Achtung Baby‘s Controversial Album Cover

The Achtung Baby album cover was a significant change for U2 in several ways. The band’s previous three albums all featured mostly two-tone color schemes — black and gold (The Joshua Tree and Rattle And Hum) or maroon and gold (The Unforgettable Fire). And every U2 album from the 1980s featured a single image on the cover.

Achtung Baby featured not one, but a collage of 16 colorful images — each of which, Bono said at the time, was strong enough to be an album cover in its own right. Why the collage? U2’s longtime design guru Steve Averill, answered that question in the book Stealing Hearts At A Traveling Show:

“We all began to realise that no single image is ever going to express the large change that [U2] made in the music and their approach to recording it.”

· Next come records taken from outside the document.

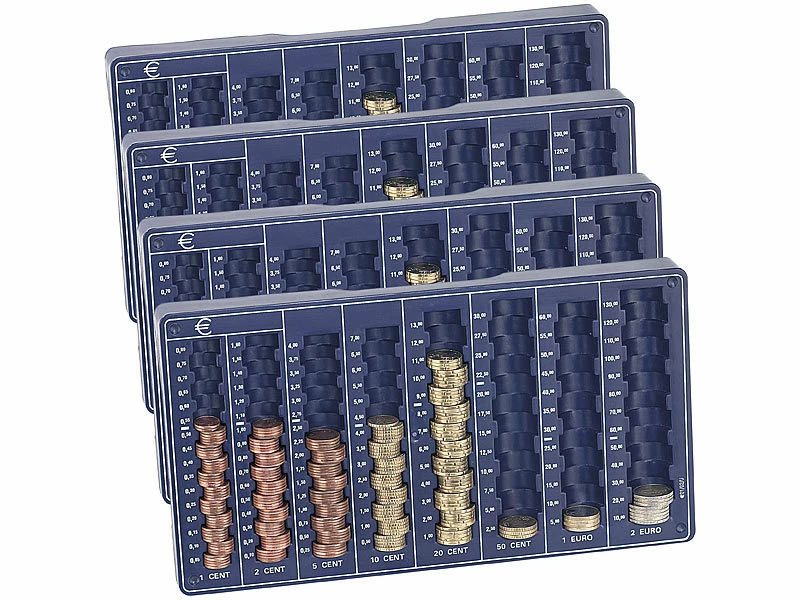 PEARL Zählbrett:4er-Set Euro-Münzbretter Für Alle Euro- Und Cent-Münzen 1 PEARL Zählbrett:4er-Set Euro-Münzbretter Für Alle Euro- Und Cent-Münzen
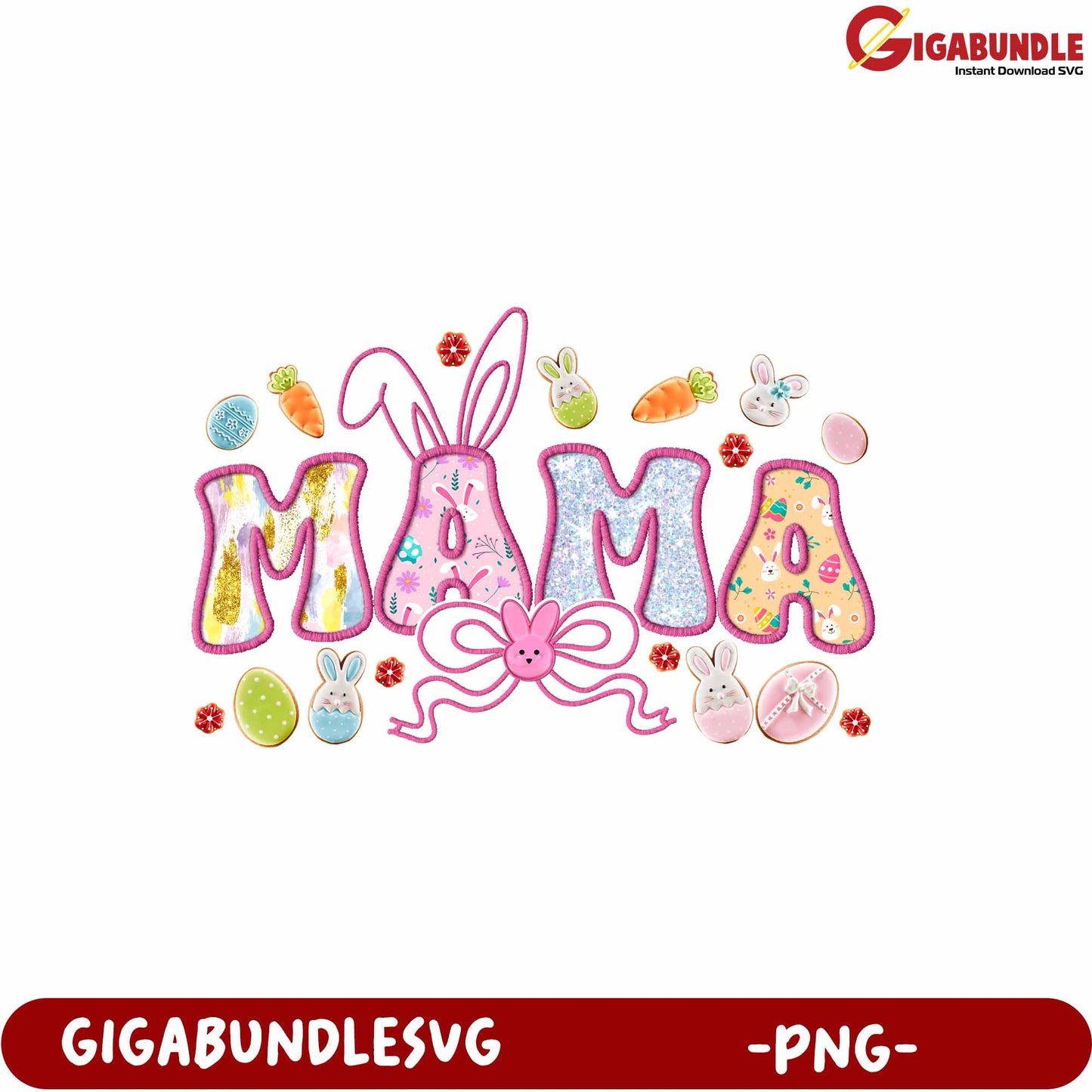 Easter Mama Design with Bunnies and Colorful Decor PNG File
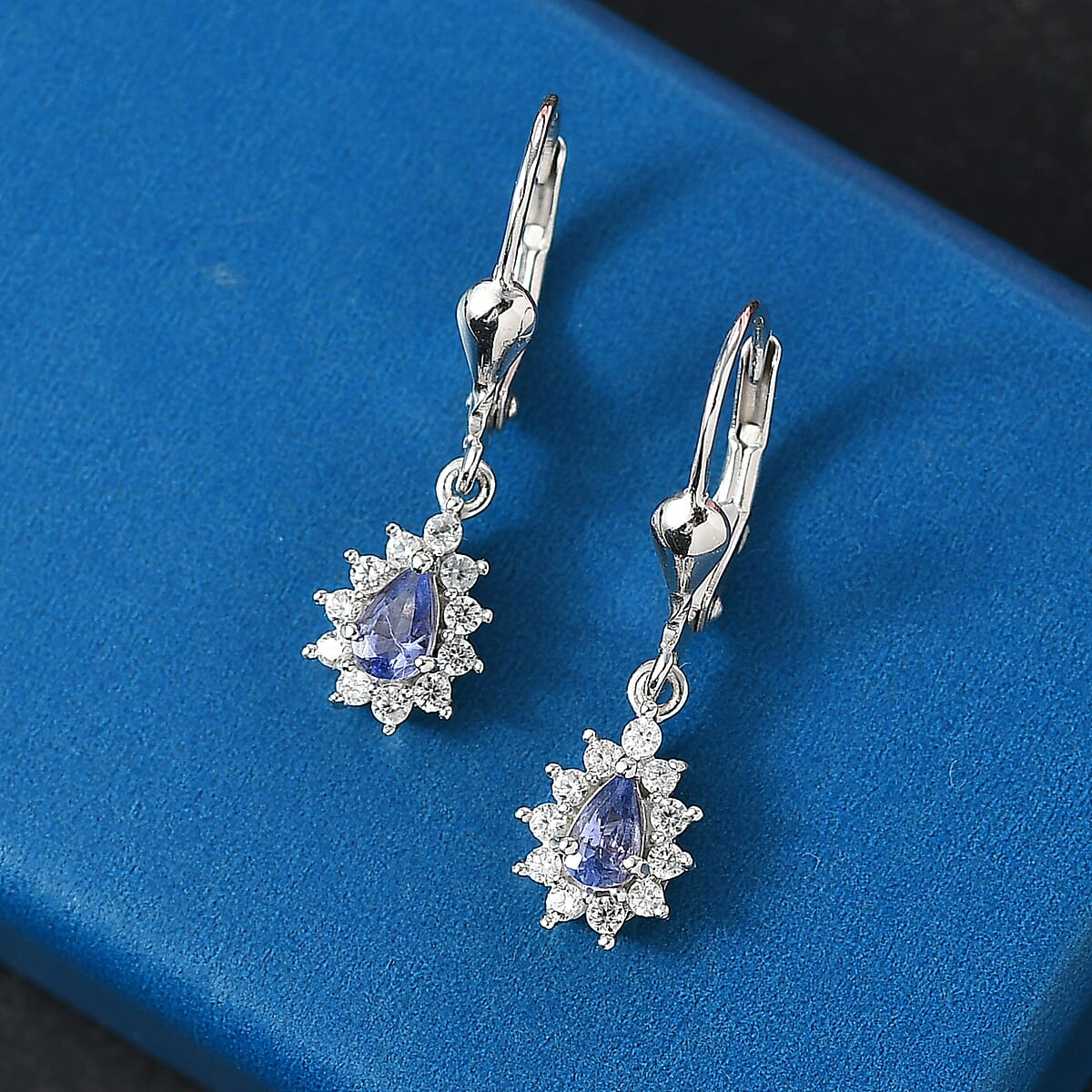 D'Joy Tanzanite and White Zircon 0.90 ctw Floral Halo Drop Earrings in Rhodium Over Sterling Silver image number 1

In the same book, Bono describes the Achtung Baby cover as “breathtaking” and says it’s “my favorite U2 album sleeve.”

Album Sleeve Controversy

But it wasn’t the main album cover that caused controversy. The back cover of the CD booklet (and also the back of the vinyl album) featured another grid of 16 photos, one of which was a nude photo of Adam Clayton. The photo, like many others, was color-treated in harsh red and blue tones, but there was no hiding Adam’s manhood.

In a 1991 issue of the official U2 fan club magazine, Propaganda (Issue 15), Averill explained that the decision to shoot and include the nude photo had to do with one of the album’s early working titles, which was Adam:

“The idea was that of the very basic progression from the first album of the Boy to Man, making a very simple straightforward statement, a person standing in a very unglamorous way. It wasn’t intended to have any particular sexuality about it, just a statement of where the band are in the most open and ‘naked’ way possible.”

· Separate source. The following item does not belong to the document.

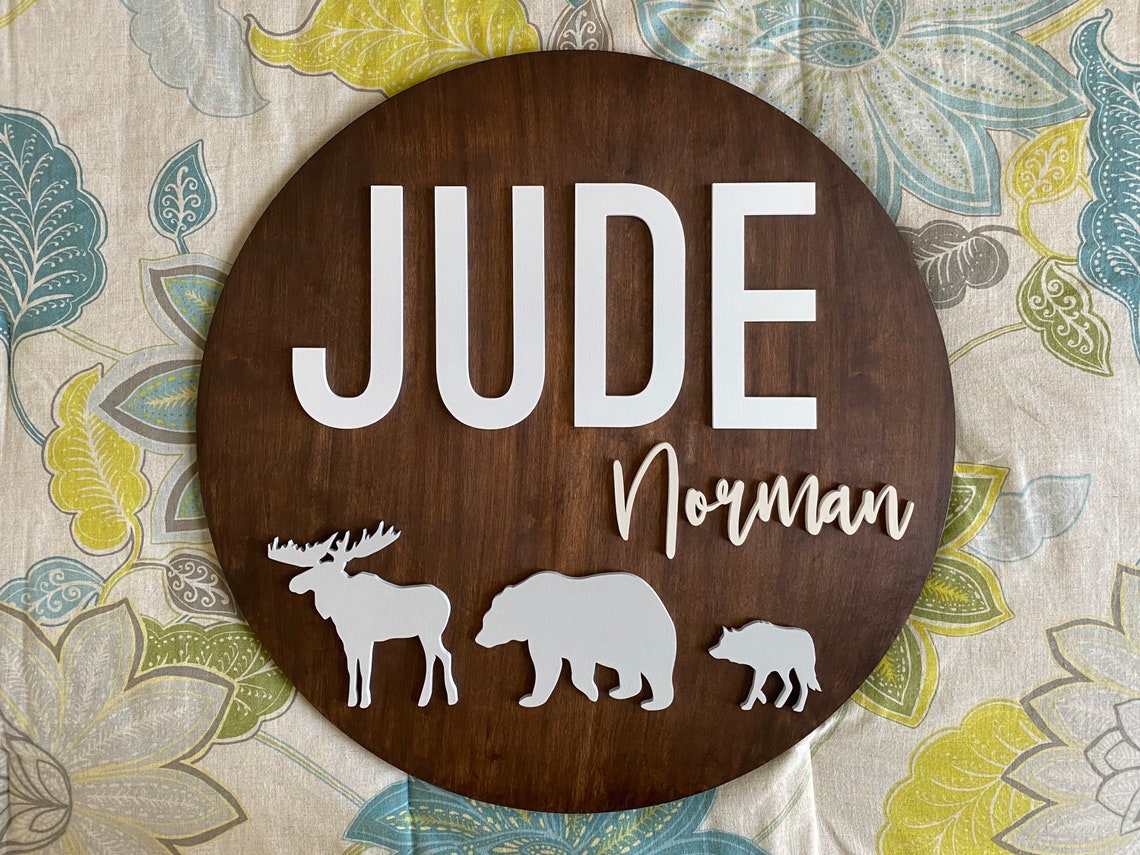 Nursery Name Sign Round Wooden Baby Shower Gift Nursery Decor Etsy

But whatever the band’s intention, some music retailers in North American and other territories threatened to not sell the album because of the full-frontal nudity. Island Records reacted quickly, reprinting the CD and cassette artwork with either a black X or a green shamrock covering Adam’s nudity.

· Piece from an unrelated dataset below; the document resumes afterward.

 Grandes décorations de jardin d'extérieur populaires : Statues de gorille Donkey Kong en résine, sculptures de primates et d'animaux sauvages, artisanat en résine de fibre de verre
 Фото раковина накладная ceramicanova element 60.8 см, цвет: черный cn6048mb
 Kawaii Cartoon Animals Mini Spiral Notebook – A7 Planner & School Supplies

adam-nude-covered-achtung-baby

The relatively small number of vinyl copies that were printed remained untouched, making them — and the CD/cassette versions that featured the original photo — instant collectors’ items.

The idea to shoot a photo of Adam naked, you may not be surprised to learn, was Bono’s. In U2 By U2, Adam explained why the idea appealed to him:

“I felt that, in a permissive society, if one could view a naked female and not suffer any kind of inhibition, then one should be able to look at a male body in exactly the same way. I knew there might be repercussions but this was a one-shot opportunity for me. This was the right record for such an expression.”